(Beginning of STUDY MATERIAL)

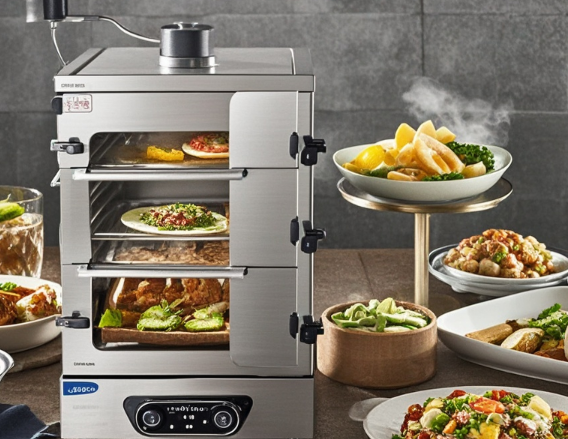 商用电蒸柜清洁保养指南:保持设备持久如新!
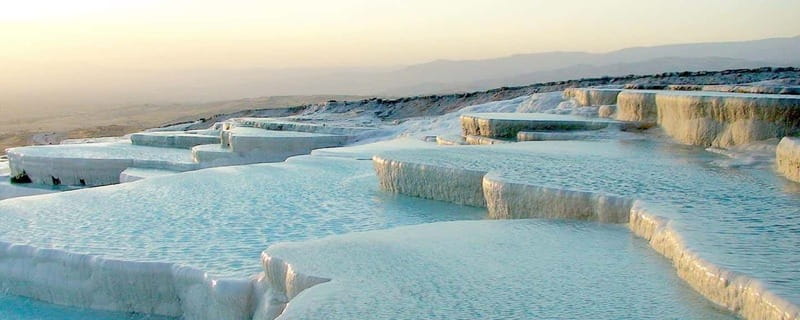 Pamukkale and Hierapolis: Full-Day Private or Group Tour - From the coast, expect a full day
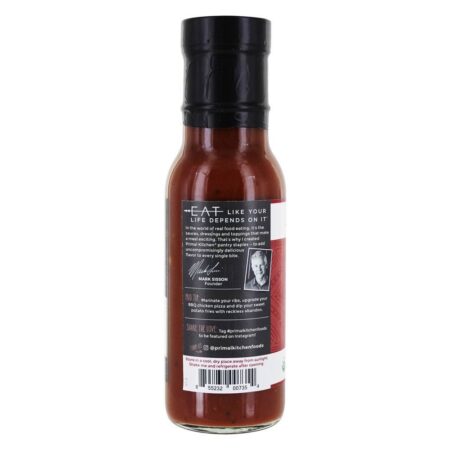 Molho para churrasco clássico orgânico e sem açúcar – 8.5 oz. Primal Kitchen — foto 3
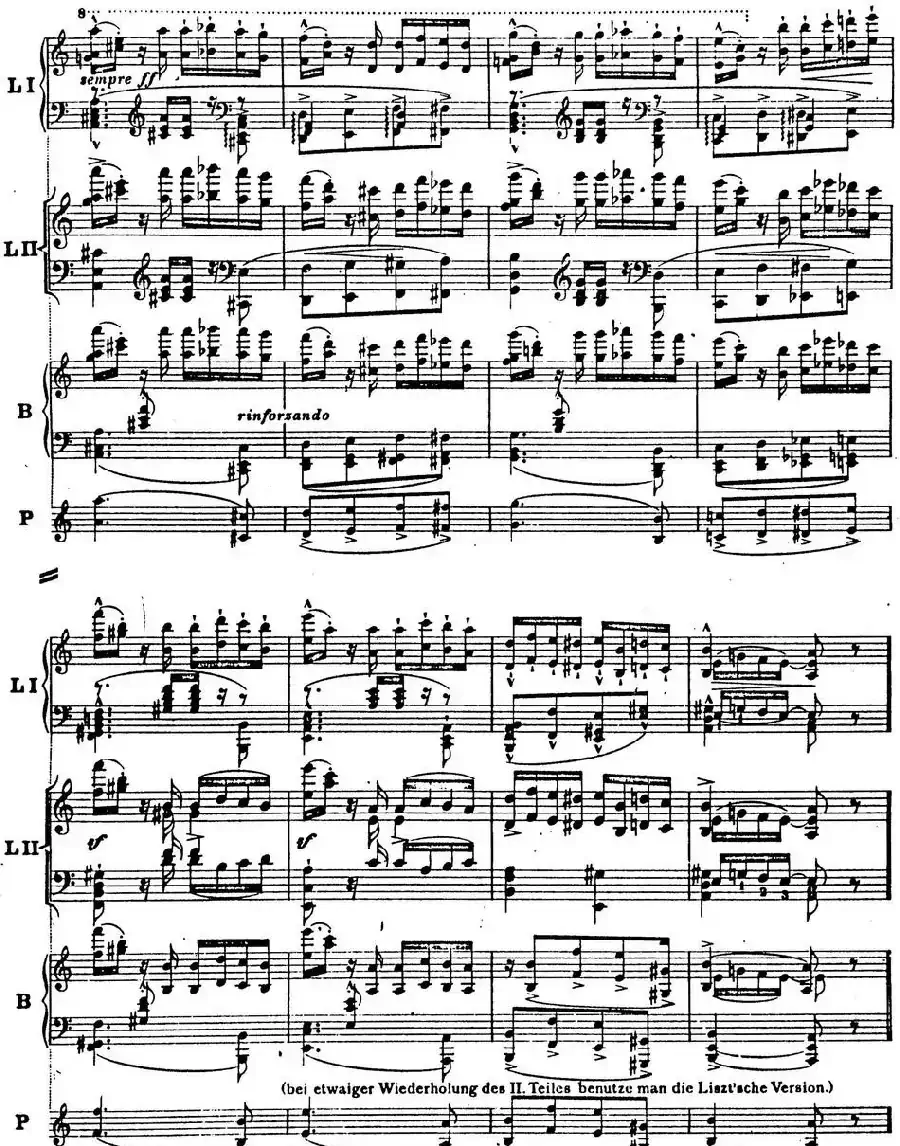6首帕格尼尼大练习曲（Thema mit Variationen Etude Nr.6）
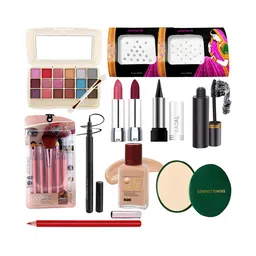 G4U 16 Piece Complete Makeup Kit for womenGlamourFestive Makeup Set 90-9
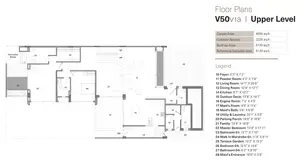 V1a, Upper Level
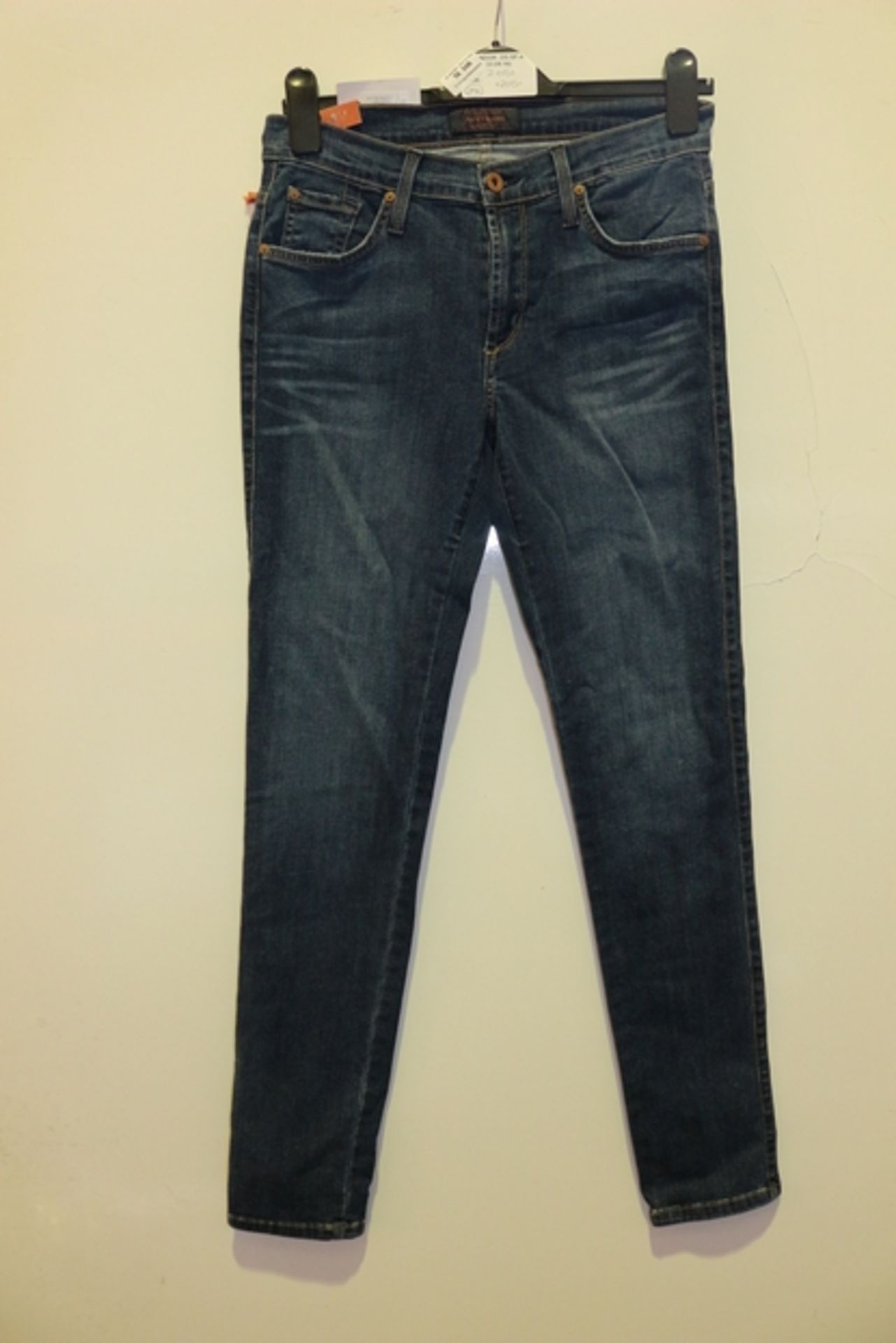 1X BRAND NEW PAIR OF JAMES JEANS SIZE 28L RRP £180 (DS-SF-A) (2.051) (27337075)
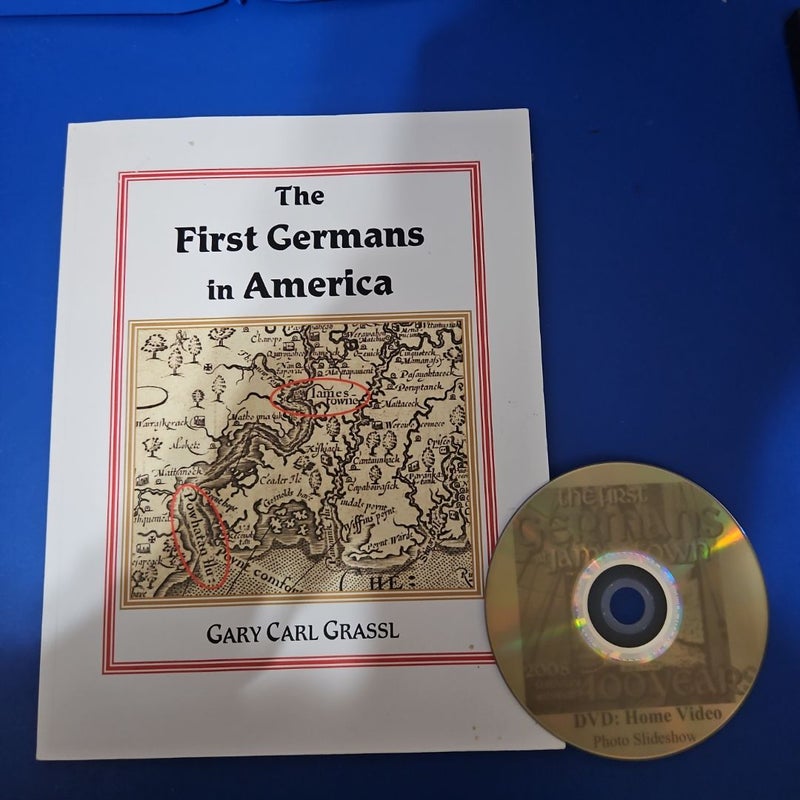 The FIRST GERMANS IN AMERICA - Copy #1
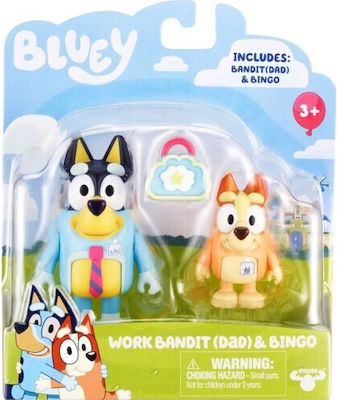 Giochi Preziosi Miniature Toy Bluey (Various Designs/Assortments of Designs) 1pc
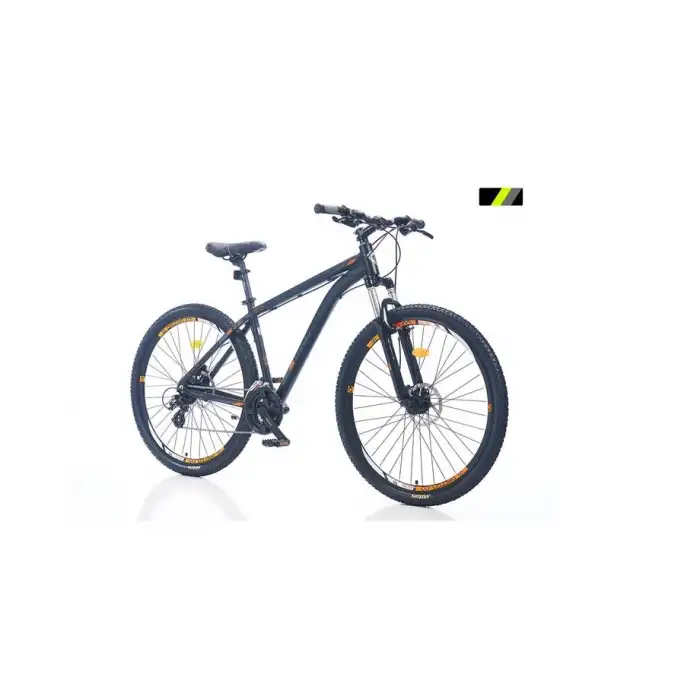 CORELLİ ZOI 2.0 ERKEK DAĞ BİSİKLETİ 459H HD 26 JANT 21 VİTES SİYAH SARI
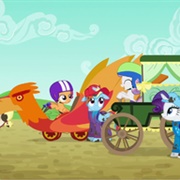 The Cart Before the Ponies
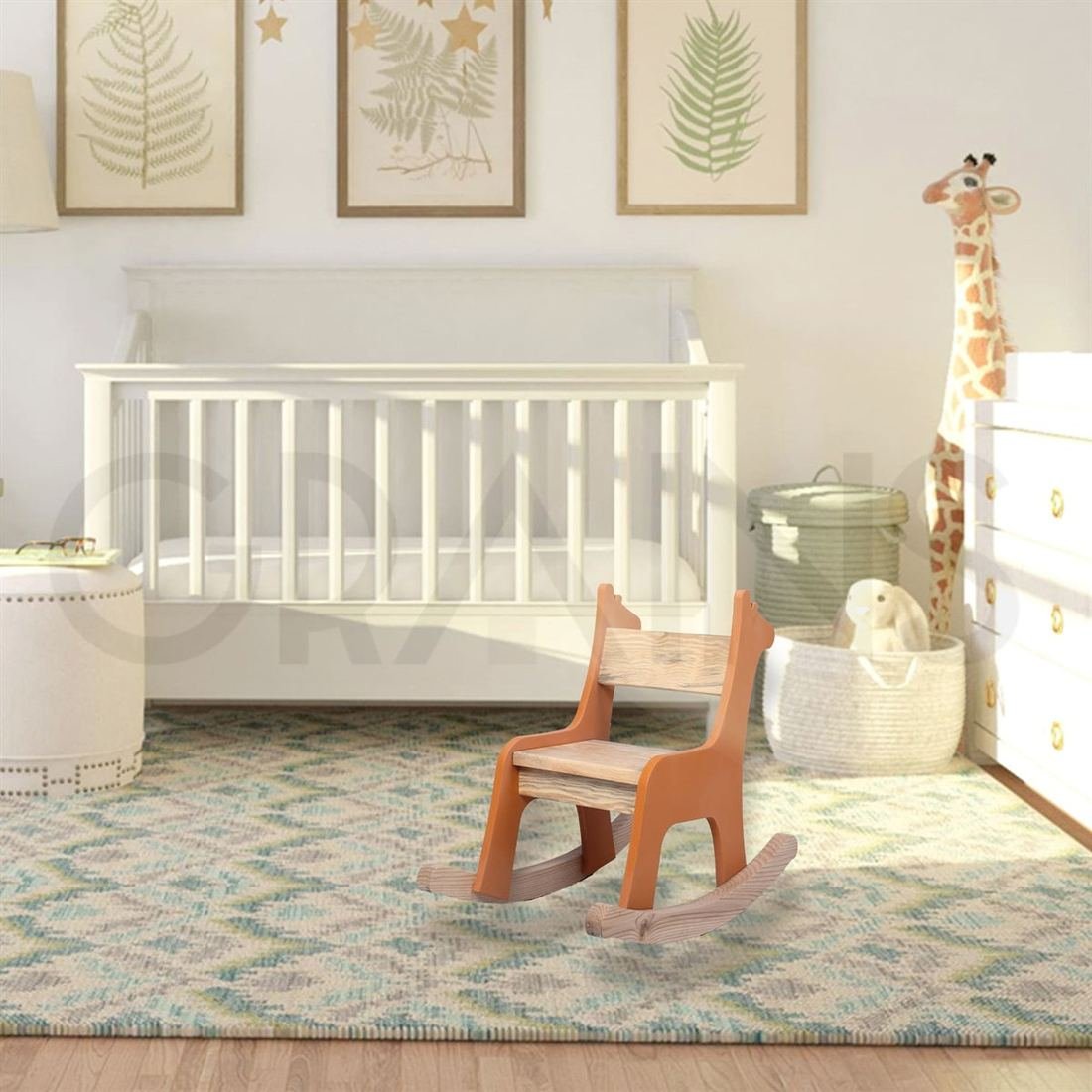 Girafe Rocking chair photo 2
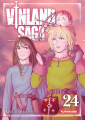 Couverture Vinland Saga, tome 24 Editions Kurokawa (Seinen) 2021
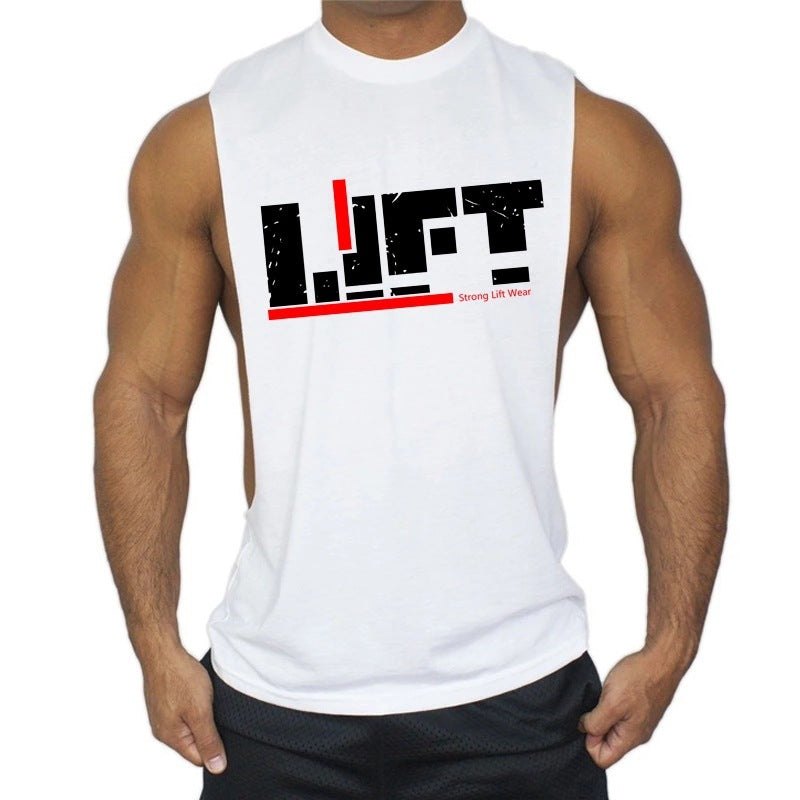 Summer Men's Sports Fitness Tank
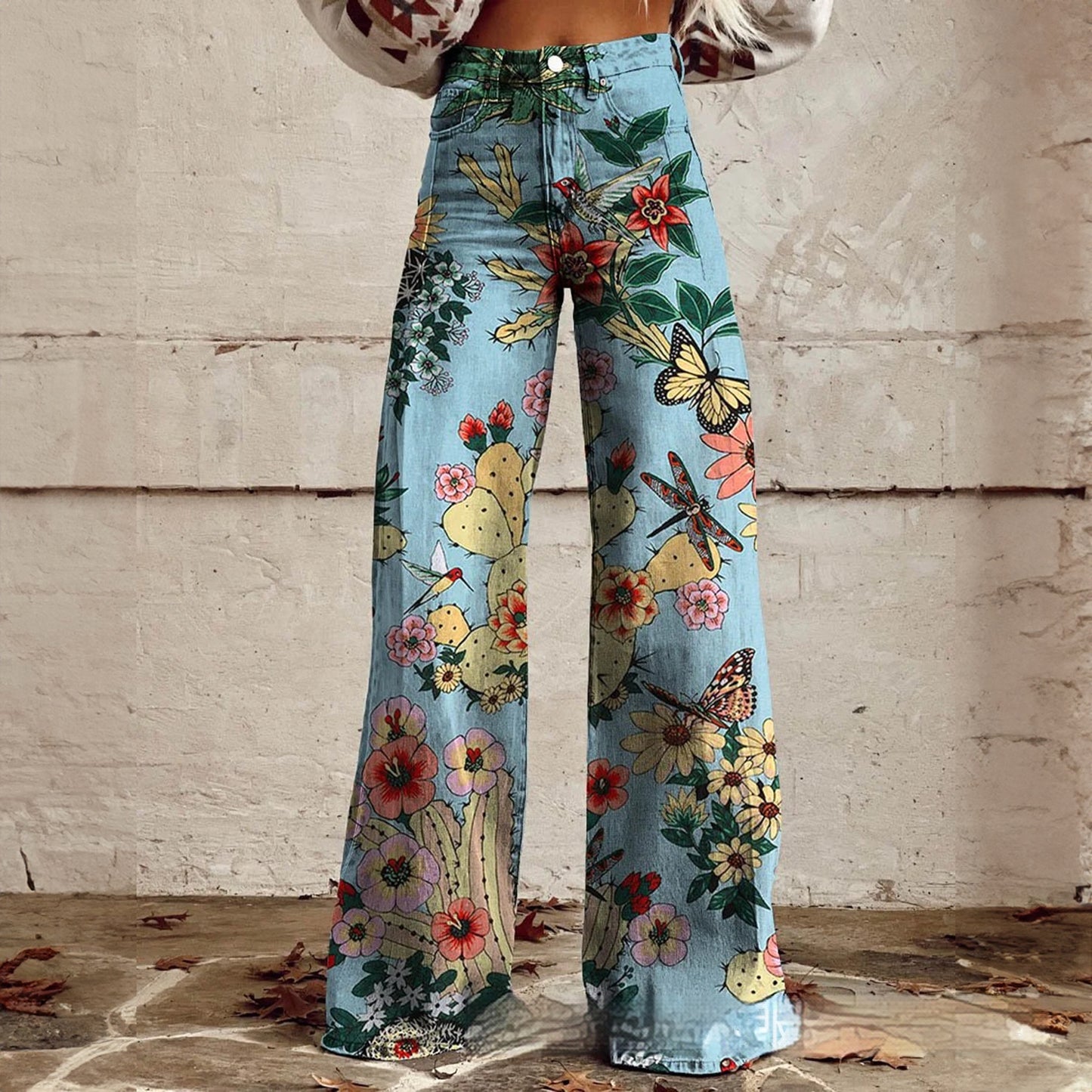Pantalon Boho – Audace et Liberté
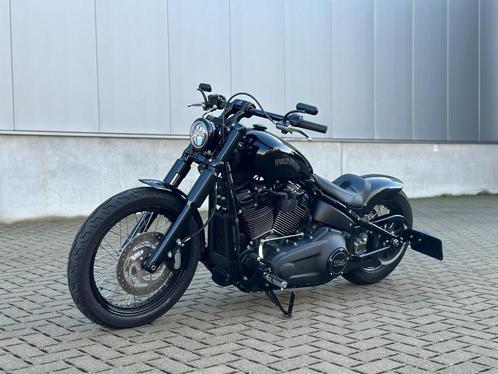 Harley-Davidson Street Bob, Motos, Motos | Harley-Davidson, Entreprise, Chopper, plus de 35 kW, 2 cylindres, Enlèvement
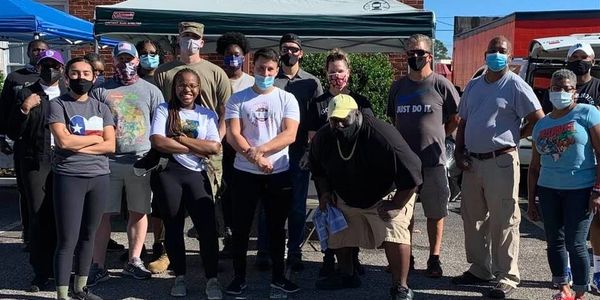 Non-profit, 501c3, Souls Feeding Souls, providing hot meals, clothing and water to the homeless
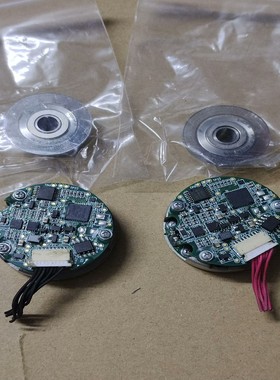 汇川编码器EA33B20H5M1，内孔尺寸6mm，功能正常，~询价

(End of STUDY MATERIAL)

WHAT YOU NEED TO DO. Retype the records above word for word, from their first line through the line containing "Girafe Rocking chair photo 2", and leave out every picture.

ANSWER TO THE PROBLEM.
 商用电蒸柜清洁保养指南:保持设备持久如新!
 Pamukkale and Hierapolis: Full-Day Private or Group Tour - From the coast, expect a full day
 Molho para churrasco clássico orgânico e sem açúcar – 8.5 oz. Primal Kitchen — foto 3
6首帕格尼尼大练习曲（Thema mit Variationen Etude Nr.6）
 G4U 16 Piece Complete Makeup Kit for womenGlamourFestive Makeup Set 90-9
 V1a, Upper Level
 1X BRAND NEW PAIR OF JAMES JEANS SIZE 28L RRP £180 (DS-SF-A) (2.051) (27337075)
 The FIRST GERMANS IN AMERICA - Copy #1
 Giochi Preziosi Miniature Toy Bluey (Various Designs/Assortments of Designs) 1pc
 CORELLİ ZOI 2.0 ERKEK DAĞ BİSİKLETİ 459H HD 26 JANT 21 VİTES SİYAH SARI
 The Cart Before the Ponies
 Girafe Rocking chair photo 2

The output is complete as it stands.